States cannot go below what is mandated at the federal level. In other words, just as David’s little well-aimed stone brought down the philistine and giant Goliath, federal states can wield their legal autonomy like that sling, striking down overreaching executive orders in the courts. That’s the saving grace against the haughty promises of the new administration. New York’s Climate Change Superfund Act (CCSA), for example, demonstrates how individual states can, and already are, resisting federal environmental rollbacks by asserting their own regulatory power on big polluters.
I decided to speak to Betsy Apple, someone who had first hand experience in this area (suing Trump that is). She was part of a group made up of the Open Society Justice Initiative and four international law professors who sued Trump after he invoked the National Emergencies Act on the 11th of June 2020. The ICC had decided to investigate war crimes committed in Afghanistan, included by the USA. He issued Executive Order 13,928, Blocking Property of Certain Persons Associated with the International Criminal Court, threatening severe sanctions, monetary penalties, and imprisonment on persons who assist the International Criminal Court (ICC).
Betsy’s response to Trump’s onslaught of orders was ‘bring it all now. Let the next two years be as bad as they can possibly be, because that is the only way Congress can be won at the midterms in two years, and is the only way people who voted for Trump can see the terrible mistakes they’ve made’.
This raises the central question: will the legal system and public outrage be enough?
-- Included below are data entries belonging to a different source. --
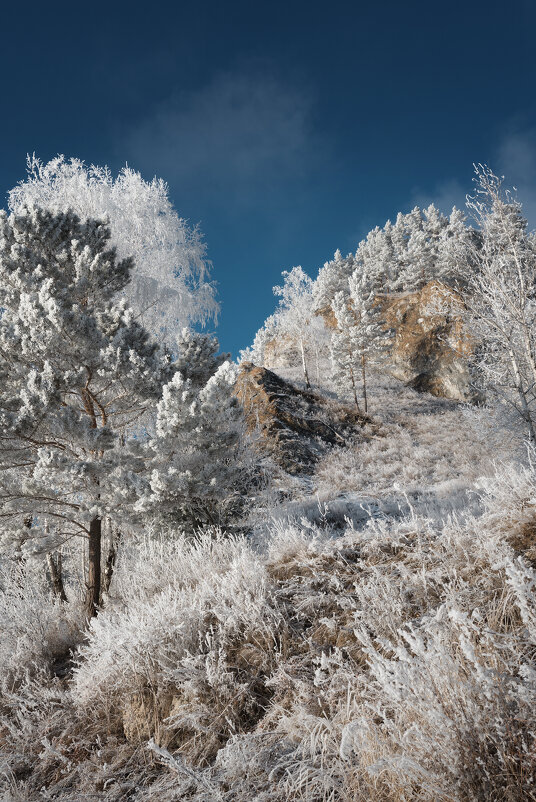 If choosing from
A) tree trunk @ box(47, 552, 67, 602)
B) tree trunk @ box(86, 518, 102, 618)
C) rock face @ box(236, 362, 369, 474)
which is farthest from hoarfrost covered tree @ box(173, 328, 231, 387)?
rock face @ box(236, 362, 369, 474)

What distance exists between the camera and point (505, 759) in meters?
1.49

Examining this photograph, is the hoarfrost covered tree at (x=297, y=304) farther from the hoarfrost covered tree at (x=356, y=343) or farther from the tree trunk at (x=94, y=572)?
the tree trunk at (x=94, y=572)

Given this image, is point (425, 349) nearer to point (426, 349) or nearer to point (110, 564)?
point (426, 349)

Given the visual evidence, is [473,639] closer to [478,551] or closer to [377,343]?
[478,551]

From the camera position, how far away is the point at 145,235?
1401 cm

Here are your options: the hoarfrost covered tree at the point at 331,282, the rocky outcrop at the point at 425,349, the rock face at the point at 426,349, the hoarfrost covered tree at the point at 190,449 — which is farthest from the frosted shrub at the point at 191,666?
the hoarfrost covered tree at the point at 331,282

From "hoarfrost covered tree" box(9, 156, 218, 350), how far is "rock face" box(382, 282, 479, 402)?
25.5 m

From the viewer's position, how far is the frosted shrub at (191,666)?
282 centimetres

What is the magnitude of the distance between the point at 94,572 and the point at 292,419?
17187 millimetres

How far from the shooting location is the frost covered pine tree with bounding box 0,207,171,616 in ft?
18.3

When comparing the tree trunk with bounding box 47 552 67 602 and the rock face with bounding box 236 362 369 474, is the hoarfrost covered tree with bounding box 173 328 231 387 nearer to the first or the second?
the tree trunk with bounding box 47 552 67 602

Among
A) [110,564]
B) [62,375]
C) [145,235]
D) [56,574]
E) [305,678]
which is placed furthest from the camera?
[145,235]

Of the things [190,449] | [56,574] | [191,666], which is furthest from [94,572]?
[191,666]

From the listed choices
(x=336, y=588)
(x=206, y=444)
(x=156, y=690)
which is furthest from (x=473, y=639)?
(x=206, y=444) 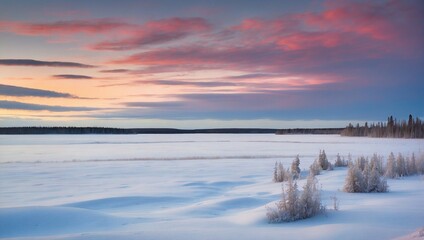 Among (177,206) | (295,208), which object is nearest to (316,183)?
(177,206)

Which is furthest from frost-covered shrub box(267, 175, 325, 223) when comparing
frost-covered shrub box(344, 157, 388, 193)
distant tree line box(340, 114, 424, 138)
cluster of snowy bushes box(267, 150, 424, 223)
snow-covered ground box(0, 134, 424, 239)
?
distant tree line box(340, 114, 424, 138)

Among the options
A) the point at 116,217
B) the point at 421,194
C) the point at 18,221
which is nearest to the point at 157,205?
the point at 116,217

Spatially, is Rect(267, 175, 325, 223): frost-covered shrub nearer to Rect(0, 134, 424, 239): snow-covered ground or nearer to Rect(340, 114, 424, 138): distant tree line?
Rect(0, 134, 424, 239): snow-covered ground

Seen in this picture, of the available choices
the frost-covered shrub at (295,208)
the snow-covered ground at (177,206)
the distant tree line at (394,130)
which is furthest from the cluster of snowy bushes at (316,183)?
the distant tree line at (394,130)

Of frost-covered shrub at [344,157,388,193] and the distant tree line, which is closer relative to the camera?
frost-covered shrub at [344,157,388,193]

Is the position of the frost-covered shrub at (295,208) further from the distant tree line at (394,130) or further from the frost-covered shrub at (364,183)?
the distant tree line at (394,130)

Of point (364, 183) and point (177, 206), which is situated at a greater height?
point (364, 183)

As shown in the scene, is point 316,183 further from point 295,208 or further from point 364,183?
point 295,208

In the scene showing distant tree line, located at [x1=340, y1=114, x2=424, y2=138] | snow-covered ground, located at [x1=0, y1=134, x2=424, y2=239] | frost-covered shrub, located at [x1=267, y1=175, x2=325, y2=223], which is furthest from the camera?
distant tree line, located at [x1=340, y1=114, x2=424, y2=138]

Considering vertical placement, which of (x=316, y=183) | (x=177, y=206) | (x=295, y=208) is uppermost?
(x=295, y=208)

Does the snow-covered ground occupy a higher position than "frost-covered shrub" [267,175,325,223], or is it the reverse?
"frost-covered shrub" [267,175,325,223]

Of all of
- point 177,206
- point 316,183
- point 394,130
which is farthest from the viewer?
point 394,130

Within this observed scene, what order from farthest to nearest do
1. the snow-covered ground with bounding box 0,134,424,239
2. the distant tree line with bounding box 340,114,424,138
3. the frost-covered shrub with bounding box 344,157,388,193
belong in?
1. the distant tree line with bounding box 340,114,424,138
2. the frost-covered shrub with bounding box 344,157,388,193
3. the snow-covered ground with bounding box 0,134,424,239

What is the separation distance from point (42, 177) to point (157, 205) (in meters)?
6.20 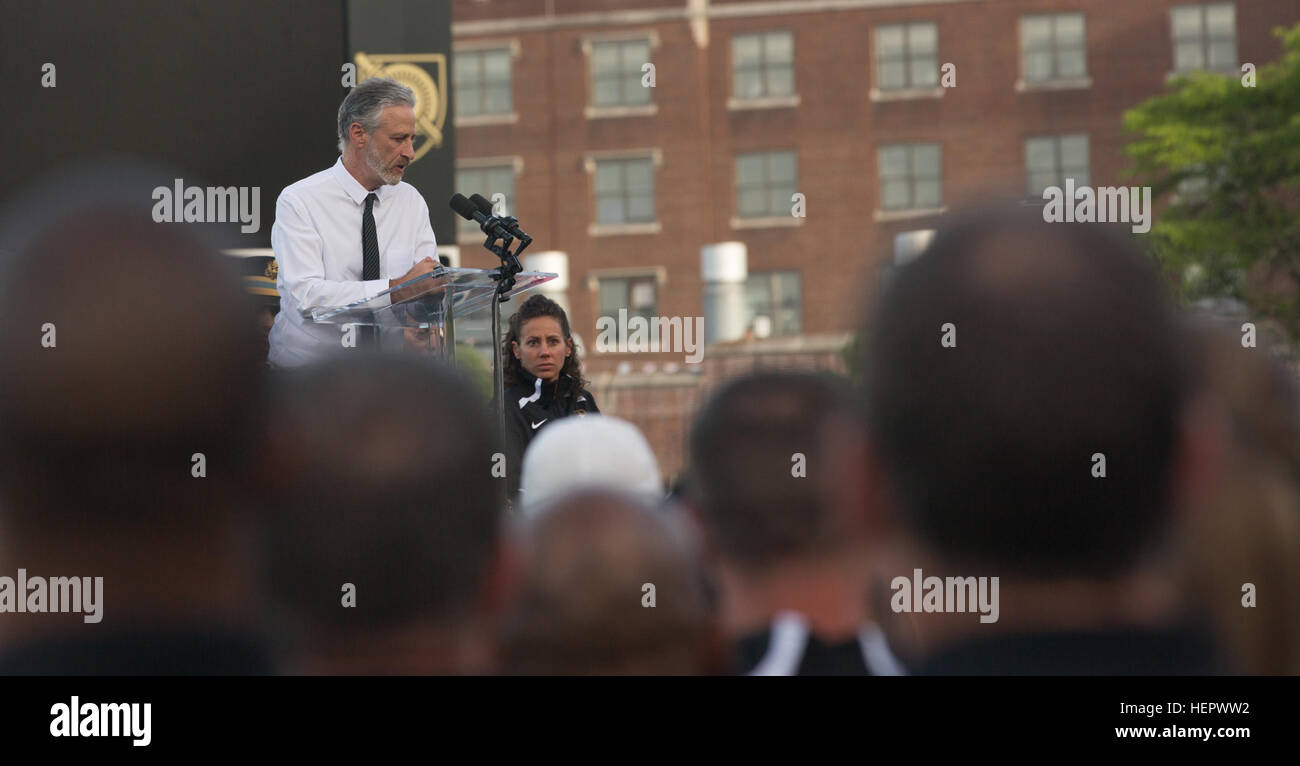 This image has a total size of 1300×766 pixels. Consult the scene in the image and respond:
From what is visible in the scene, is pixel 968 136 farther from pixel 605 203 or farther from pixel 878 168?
pixel 605 203

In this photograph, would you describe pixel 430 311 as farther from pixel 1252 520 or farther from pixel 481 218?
pixel 1252 520

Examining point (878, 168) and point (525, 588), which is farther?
point (878, 168)

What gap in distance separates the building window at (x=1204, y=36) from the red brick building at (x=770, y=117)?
0.05 metres

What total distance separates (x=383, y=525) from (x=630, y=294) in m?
33.5

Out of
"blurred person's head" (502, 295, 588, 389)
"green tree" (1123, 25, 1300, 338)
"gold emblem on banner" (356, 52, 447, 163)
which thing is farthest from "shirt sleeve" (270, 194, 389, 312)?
"green tree" (1123, 25, 1300, 338)

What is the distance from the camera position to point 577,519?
1435 millimetres

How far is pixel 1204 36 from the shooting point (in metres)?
32.8

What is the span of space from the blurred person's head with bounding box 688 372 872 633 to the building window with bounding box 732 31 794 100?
33596mm

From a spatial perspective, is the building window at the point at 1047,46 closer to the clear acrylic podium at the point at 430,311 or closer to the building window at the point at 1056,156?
the building window at the point at 1056,156

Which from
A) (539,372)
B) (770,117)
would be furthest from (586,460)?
(770,117) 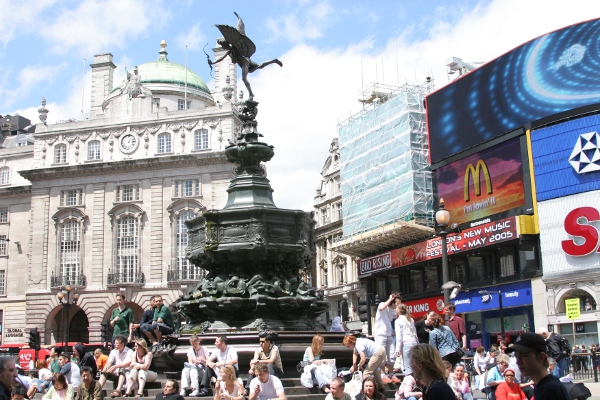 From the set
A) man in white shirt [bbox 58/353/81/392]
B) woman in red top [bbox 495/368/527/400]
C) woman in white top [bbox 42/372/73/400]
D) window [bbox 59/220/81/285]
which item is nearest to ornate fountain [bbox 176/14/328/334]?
man in white shirt [bbox 58/353/81/392]

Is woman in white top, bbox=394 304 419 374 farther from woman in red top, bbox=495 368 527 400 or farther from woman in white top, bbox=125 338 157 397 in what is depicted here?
woman in white top, bbox=125 338 157 397

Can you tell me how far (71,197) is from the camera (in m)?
60.1

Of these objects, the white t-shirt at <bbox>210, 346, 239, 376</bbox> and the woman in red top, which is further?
the white t-shirt at <bbox>210, 346, 239, 376</bbox>

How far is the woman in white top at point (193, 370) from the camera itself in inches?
477

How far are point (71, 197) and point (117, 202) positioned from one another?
4400 mm

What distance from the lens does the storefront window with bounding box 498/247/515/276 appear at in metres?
49.1

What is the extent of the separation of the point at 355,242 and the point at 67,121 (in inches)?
1059

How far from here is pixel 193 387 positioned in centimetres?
1209

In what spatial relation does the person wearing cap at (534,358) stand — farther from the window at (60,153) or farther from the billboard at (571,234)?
the window at (60,153)

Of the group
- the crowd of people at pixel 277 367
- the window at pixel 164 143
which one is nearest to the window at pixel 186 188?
the window at pixel 164 143

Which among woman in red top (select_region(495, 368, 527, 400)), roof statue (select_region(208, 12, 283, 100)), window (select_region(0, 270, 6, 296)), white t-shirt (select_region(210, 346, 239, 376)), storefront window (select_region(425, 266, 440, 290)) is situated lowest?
woman in red top (select_region(495, 368, 527, 400))

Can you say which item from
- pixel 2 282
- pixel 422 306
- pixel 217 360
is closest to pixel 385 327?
pixel 217 360

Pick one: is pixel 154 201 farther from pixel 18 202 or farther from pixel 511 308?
pixel 511 308

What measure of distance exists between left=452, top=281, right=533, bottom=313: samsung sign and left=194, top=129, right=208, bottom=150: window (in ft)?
74.8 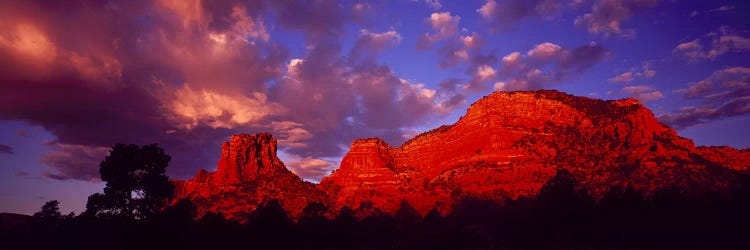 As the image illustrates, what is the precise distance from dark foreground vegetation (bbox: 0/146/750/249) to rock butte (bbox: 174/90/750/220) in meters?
7.30

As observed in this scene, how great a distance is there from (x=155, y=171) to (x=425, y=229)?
54.0 meters

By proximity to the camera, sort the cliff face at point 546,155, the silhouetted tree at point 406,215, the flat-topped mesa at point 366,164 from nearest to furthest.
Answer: the cliff face at point 546,155
the silhouetted tree at point 406,215
the flat-topped mesa at point 366,164

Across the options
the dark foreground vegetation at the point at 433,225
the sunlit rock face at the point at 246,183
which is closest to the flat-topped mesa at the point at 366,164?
the sunlit rock face at the point at 246,183

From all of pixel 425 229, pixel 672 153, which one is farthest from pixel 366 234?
pixel 672 153

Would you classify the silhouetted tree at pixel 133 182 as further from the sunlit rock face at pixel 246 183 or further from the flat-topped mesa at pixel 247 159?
the flat-topped mesa at pixel 247 159

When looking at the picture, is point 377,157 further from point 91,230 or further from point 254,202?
point 91,230

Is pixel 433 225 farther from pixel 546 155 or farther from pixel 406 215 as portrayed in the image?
pixel 546 155

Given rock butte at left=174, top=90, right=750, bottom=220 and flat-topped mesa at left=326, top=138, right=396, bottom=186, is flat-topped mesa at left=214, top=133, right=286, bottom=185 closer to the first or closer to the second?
rock butte at left=174, top=90, right=750, bottom=220

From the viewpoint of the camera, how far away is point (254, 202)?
109m

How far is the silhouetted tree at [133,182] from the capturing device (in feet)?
86.7

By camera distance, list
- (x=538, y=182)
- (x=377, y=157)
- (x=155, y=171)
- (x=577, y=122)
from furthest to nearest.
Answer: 1. (x=377, y=157)
2. (x=577, y=122)
3. (x=538, y=182)
4. (x=155, y=171)

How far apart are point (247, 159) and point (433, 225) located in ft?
260

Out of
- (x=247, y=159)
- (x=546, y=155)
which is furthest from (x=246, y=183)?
(x=546, y=155)

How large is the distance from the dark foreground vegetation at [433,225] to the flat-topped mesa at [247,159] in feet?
167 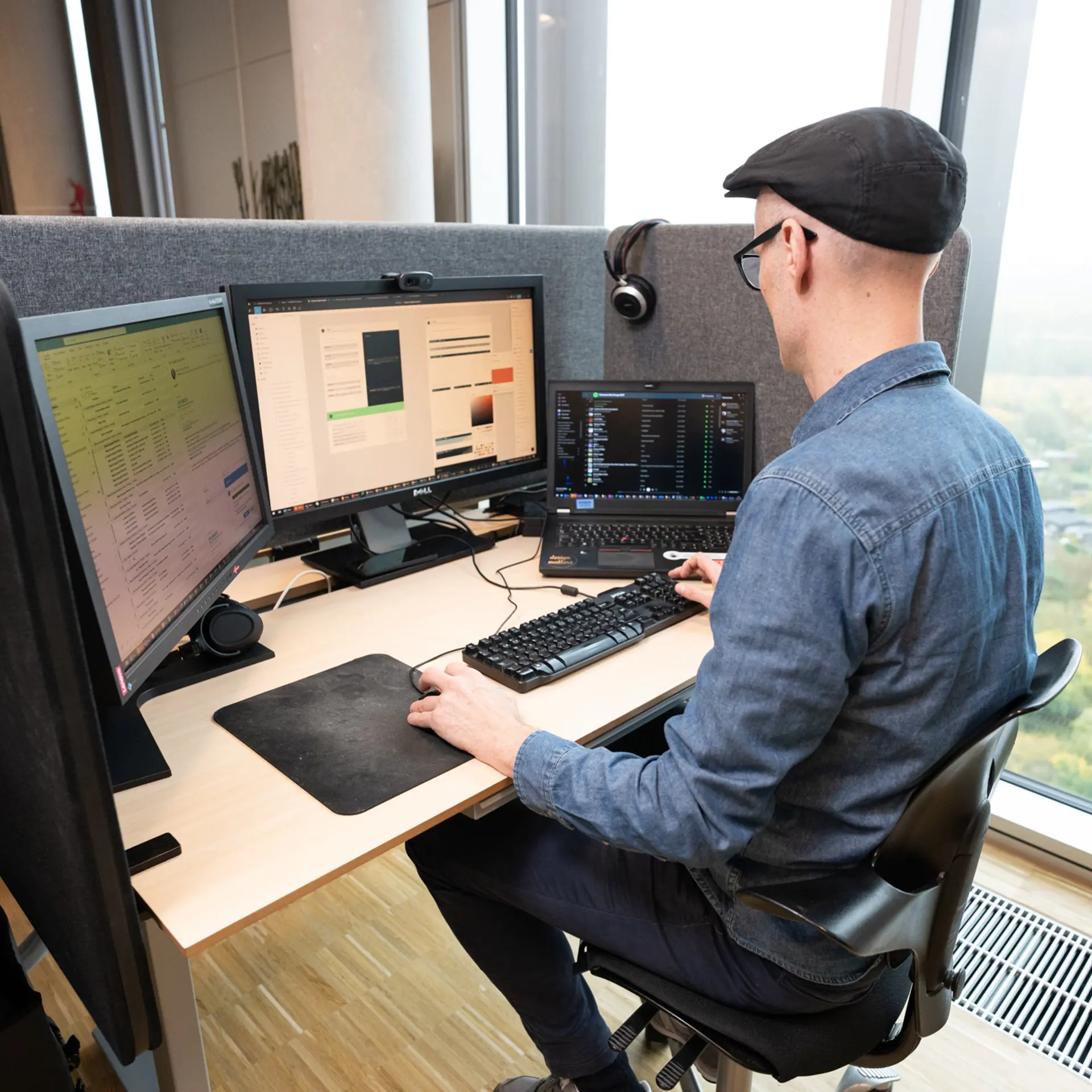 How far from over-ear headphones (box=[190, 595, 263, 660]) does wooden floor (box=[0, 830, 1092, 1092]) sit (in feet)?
2.16

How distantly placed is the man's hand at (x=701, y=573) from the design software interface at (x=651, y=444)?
18 cm

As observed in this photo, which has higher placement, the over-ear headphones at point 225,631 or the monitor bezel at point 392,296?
the monitor bezel at point 392,296

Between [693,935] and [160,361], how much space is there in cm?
79

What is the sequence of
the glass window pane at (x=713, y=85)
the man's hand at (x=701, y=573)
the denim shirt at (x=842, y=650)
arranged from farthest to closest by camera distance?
the glass window pane at (x=713, y=85) → the man's hand at (x=701, y=573) → the denim shirt at (x=842, y=650)

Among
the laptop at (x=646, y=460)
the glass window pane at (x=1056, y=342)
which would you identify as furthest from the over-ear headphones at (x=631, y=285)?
the glass window pane at (x=1056, y=342)

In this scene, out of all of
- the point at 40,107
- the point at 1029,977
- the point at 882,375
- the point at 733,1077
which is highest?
the point at 40,107

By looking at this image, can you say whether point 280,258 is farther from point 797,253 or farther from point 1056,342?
point 1056,342

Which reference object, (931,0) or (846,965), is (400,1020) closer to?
(846,965)

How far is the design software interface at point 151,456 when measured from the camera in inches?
29.5

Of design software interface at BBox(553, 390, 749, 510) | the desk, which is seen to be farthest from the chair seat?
design software interface at BBox(553, 390, 749, 510)

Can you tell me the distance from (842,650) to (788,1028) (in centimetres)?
40

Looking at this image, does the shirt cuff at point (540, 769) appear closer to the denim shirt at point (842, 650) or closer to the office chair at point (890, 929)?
the denim shirt at point (842, 650)

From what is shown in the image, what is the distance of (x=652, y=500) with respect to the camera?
1467 millimetres

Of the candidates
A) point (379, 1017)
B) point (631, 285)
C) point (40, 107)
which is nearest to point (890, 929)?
point (379, 1017) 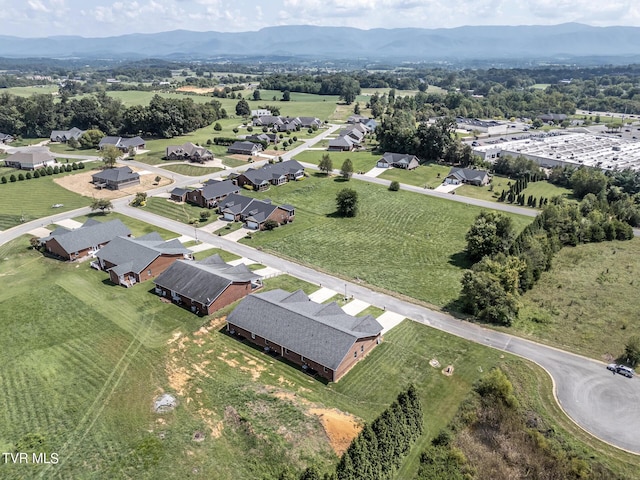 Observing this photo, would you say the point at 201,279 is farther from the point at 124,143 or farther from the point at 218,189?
the point at 124,143

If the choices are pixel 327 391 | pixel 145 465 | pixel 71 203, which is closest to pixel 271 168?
pixel 71 203

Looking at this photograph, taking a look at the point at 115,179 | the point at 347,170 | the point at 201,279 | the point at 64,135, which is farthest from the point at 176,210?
the point at 64,135

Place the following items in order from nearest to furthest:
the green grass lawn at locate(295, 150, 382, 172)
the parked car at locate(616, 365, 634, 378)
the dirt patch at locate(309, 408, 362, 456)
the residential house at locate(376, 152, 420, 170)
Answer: the dirt patch at locate(309, 408, 362, 456) < the parked car at locate(616, 365, 634, 378) < the residential house at locate(376, 152, 420, 170) < the green grass lawn at locate(295, 150, 382, 172)

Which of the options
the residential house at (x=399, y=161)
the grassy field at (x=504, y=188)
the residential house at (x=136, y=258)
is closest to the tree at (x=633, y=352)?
the residential house at (x=136, y=258)

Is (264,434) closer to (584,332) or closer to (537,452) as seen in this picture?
(537,452)

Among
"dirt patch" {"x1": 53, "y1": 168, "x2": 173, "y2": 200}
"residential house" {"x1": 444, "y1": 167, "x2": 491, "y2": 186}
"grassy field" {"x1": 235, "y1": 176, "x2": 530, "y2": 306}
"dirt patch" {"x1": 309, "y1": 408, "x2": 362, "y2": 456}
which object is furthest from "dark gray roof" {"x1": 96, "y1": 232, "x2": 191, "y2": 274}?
"residential house" {"x1": 444, "y1": 167, "x2": 491, "y2": 186}

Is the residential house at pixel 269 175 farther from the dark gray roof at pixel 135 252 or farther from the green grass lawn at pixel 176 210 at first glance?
the dark gray roof at pixel 135 252

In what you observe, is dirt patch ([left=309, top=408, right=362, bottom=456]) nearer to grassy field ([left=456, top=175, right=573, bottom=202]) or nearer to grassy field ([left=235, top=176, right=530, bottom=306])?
grassy field ([left=235, top=176, right=530, bottom=306]) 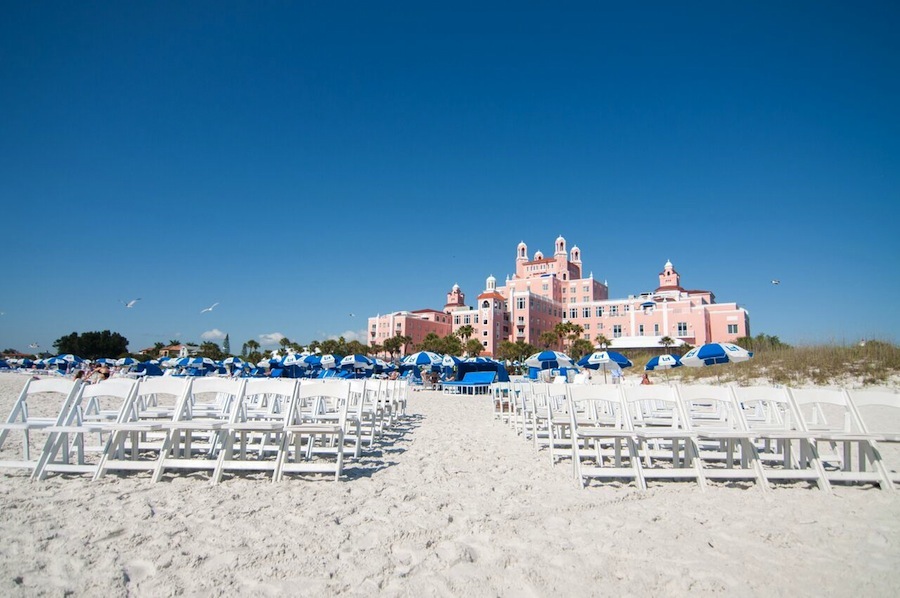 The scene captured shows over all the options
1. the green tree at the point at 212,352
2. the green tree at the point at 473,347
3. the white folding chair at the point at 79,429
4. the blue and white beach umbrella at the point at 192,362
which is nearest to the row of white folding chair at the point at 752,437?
the white folding chair at the point at 79,429

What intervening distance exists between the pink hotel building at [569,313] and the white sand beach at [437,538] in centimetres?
6282

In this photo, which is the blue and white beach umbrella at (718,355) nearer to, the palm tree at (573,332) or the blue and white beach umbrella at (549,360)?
the blue and white beach umbrella at (549,360)

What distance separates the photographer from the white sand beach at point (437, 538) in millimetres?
2787

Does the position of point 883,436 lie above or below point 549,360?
below

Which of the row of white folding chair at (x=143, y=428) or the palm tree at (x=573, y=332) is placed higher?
the palm tree at (x=573, y=332)

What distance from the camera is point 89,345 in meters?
79.4

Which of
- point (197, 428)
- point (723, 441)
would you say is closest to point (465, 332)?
point (723, 441)

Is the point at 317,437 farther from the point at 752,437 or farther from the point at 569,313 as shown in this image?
the point at 569,313

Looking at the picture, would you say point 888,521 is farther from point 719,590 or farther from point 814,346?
point 814,346

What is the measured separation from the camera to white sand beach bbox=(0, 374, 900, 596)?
279 cm

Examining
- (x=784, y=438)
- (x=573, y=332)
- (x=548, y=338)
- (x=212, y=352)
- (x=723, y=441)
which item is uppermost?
(x=573, y=332)

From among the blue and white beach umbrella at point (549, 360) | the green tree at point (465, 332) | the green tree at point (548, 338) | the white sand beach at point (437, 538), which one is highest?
the green tree at point (465, 332)

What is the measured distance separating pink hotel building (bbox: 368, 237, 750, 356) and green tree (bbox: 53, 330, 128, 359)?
4145 centimetres

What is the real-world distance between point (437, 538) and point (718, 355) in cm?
1121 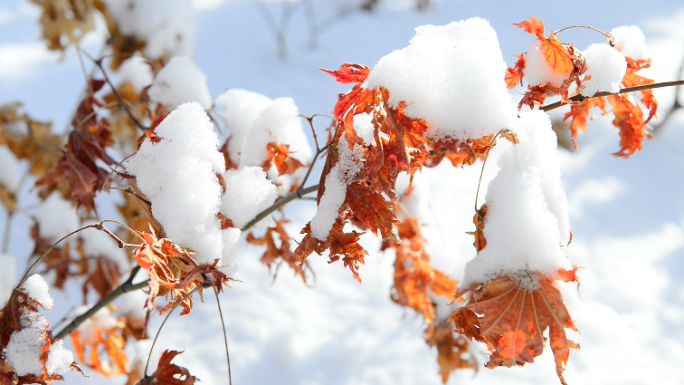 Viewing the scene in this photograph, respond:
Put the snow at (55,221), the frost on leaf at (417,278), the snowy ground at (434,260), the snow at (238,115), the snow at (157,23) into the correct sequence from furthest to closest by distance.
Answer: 1. the snow at (157,23)
2. the snowy ground at (434,260)
3. the snow at (55,221)
4. the frost on leaf at (417,278)
5. the snow at (238,115)

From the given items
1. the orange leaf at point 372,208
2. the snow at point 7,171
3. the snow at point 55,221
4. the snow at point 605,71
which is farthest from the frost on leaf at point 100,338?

Both Hana and Betsy think checks and challenges remain in place as long as they’re executed well. Yet perhaps this isn’t about what makes it past the law after all, but rather the gamesmanship, the trolling and toying and prodding of our attention. It is a president who abhors dissent testing the loyalty of those that surround him and trying to exhaust those that oppose him. Betsy says the administration is taking names of those challenging them and looking for ways to wreak vengeance. But they’re also taking something else, and that is the currency of our belief and our attention.
By withdrawing from global treaties, imposing steep tariffs and cutting foreign aid, Trump is alienating US allies and weakening his authority on the global stage. By slapping executive orders on the US, he is attempting to blow smoke and steam internally that is dissipating too quickly and letting people see right through it. We can only hope that those within the US see through the chaos coming at them at ‘muzzle velocity’, edging away from the international order and towards a new form of isolationist chaos before it’s too late. Naomi Klein said in The Shock Doctrine that “the parties with the most gain never show up on the battlefield.”
The legal battle is one of the last frontlines that can actually push Trump’s self-serving isolationism onto the battlefield because, ultimately, him sheltering behind the defence of his yes-men and the confusion and distraction they stir up is more insidious for all of us.